'''

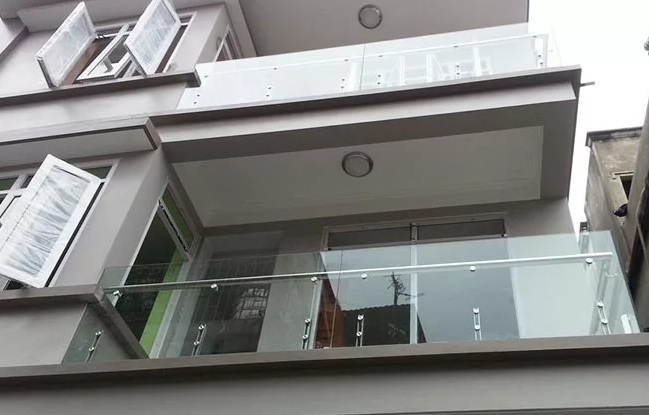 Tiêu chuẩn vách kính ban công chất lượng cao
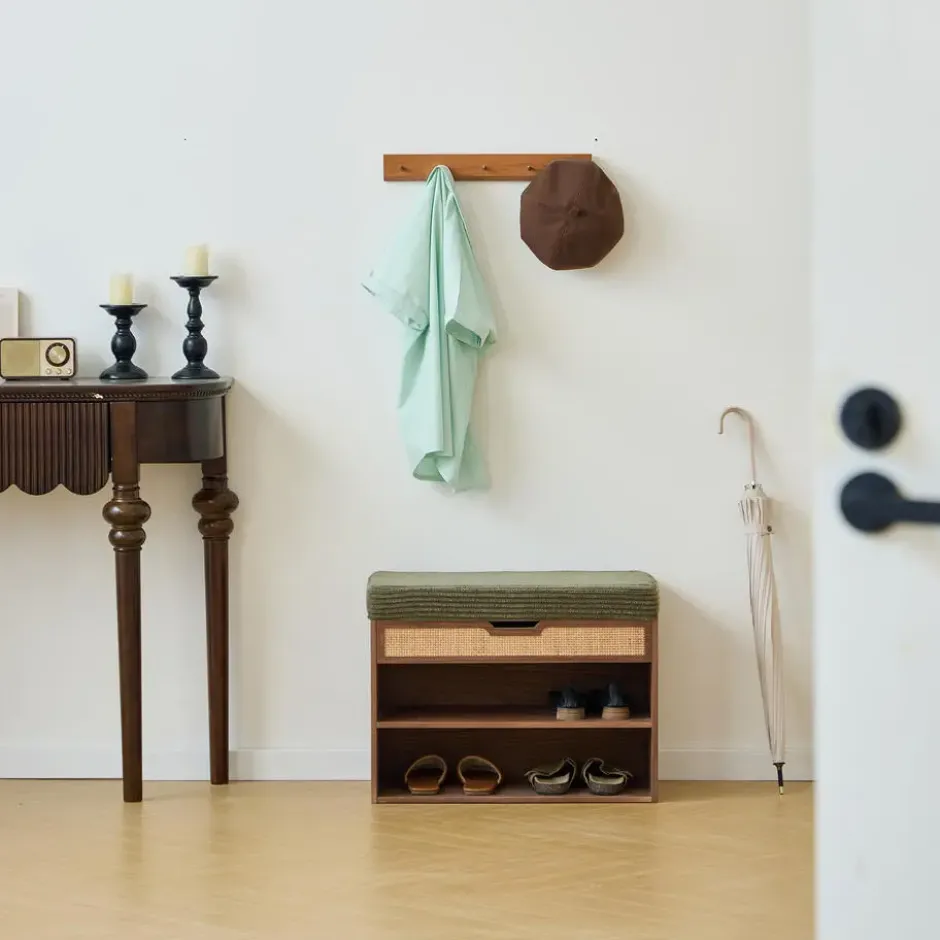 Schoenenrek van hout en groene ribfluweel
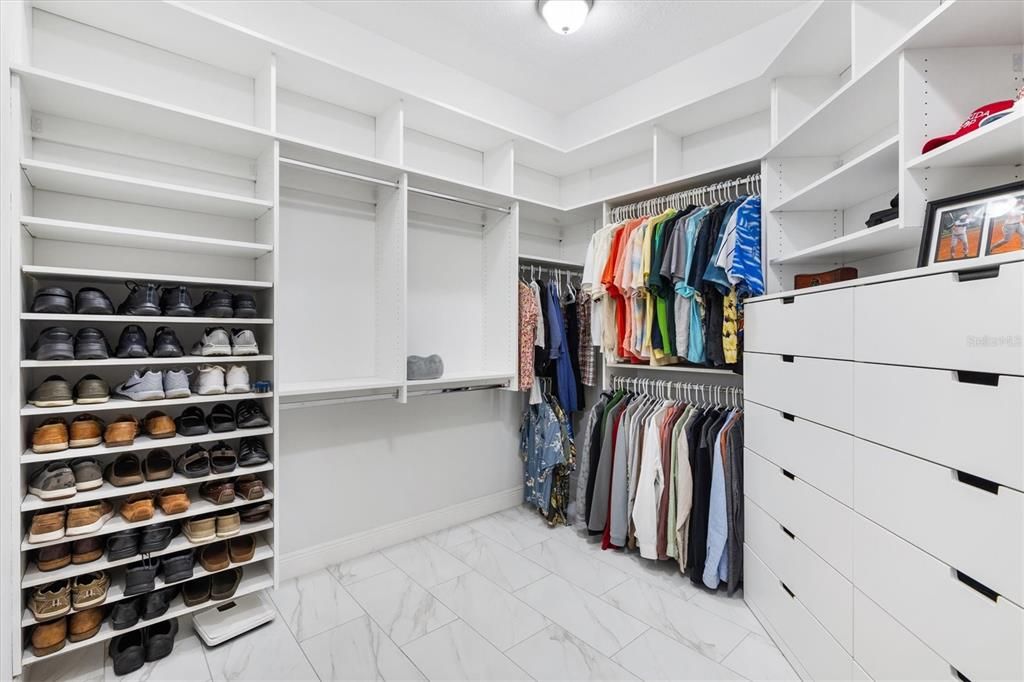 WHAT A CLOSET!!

'''
'''

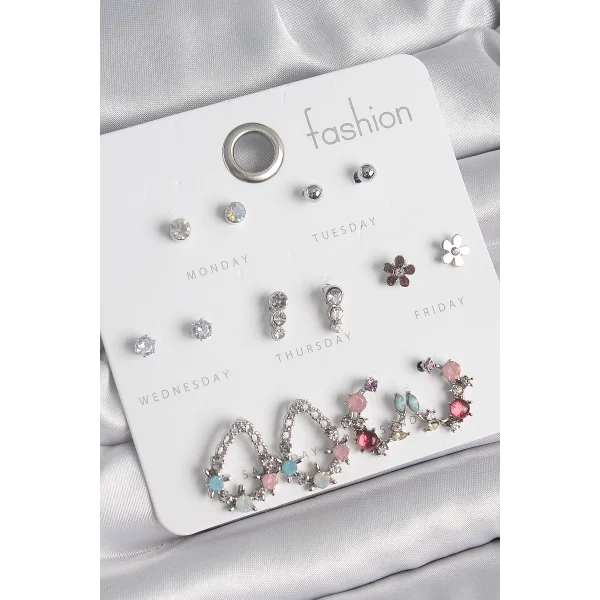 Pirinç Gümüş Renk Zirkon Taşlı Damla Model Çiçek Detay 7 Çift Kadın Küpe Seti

'''
'''

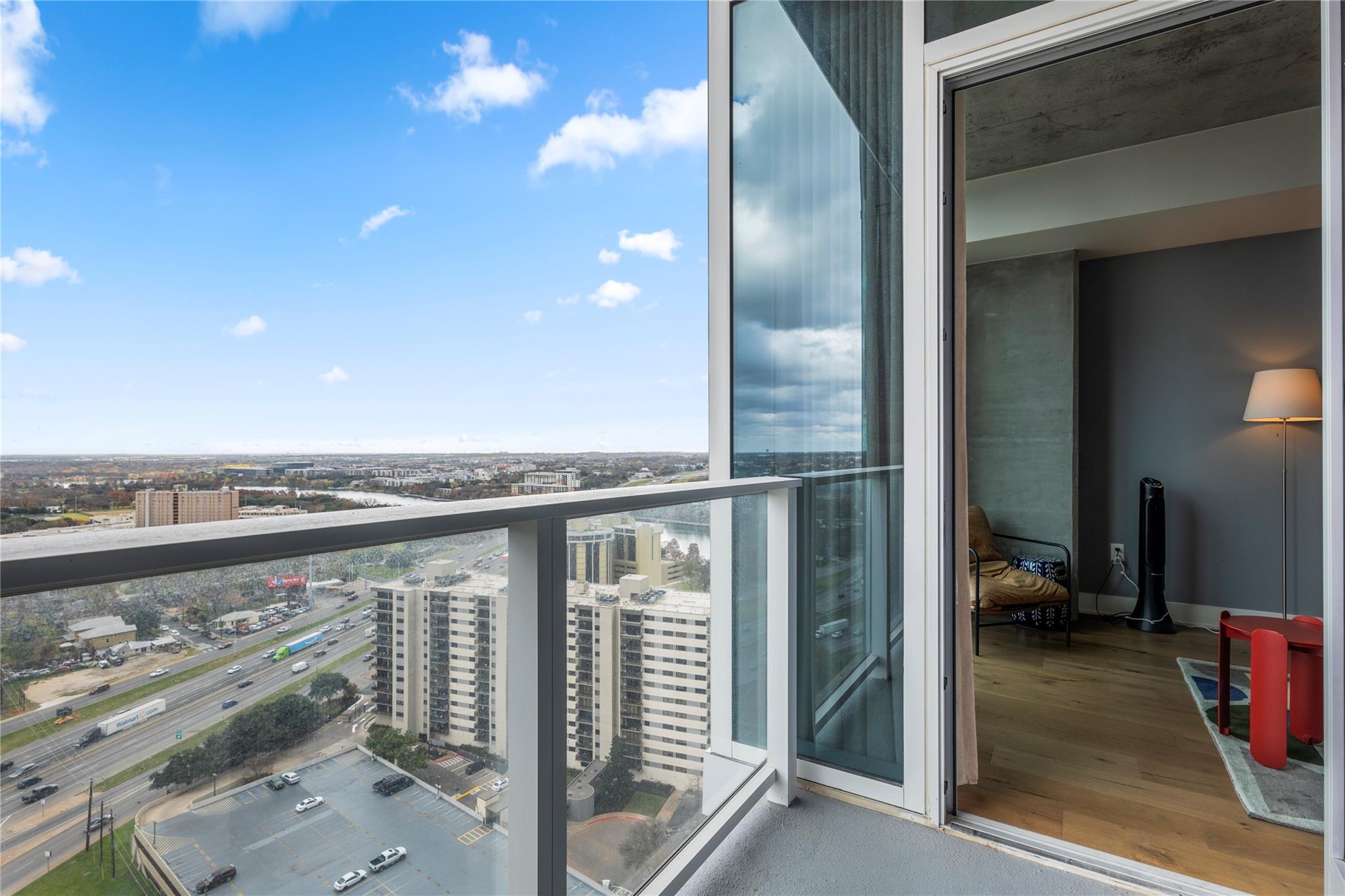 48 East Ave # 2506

'''

EXERCISE BRIEF:
In the listing above, find the line with "Schoenenrek van hout en groene ribfluweel" and the line with "WHAT A CLOSET!!". Set down both and every line between them, minus the pictures.

RESPONSE TO THIS TASK:
 Schoenenrek van hout en groene ribfluweel
 WHAT A CLOSET!!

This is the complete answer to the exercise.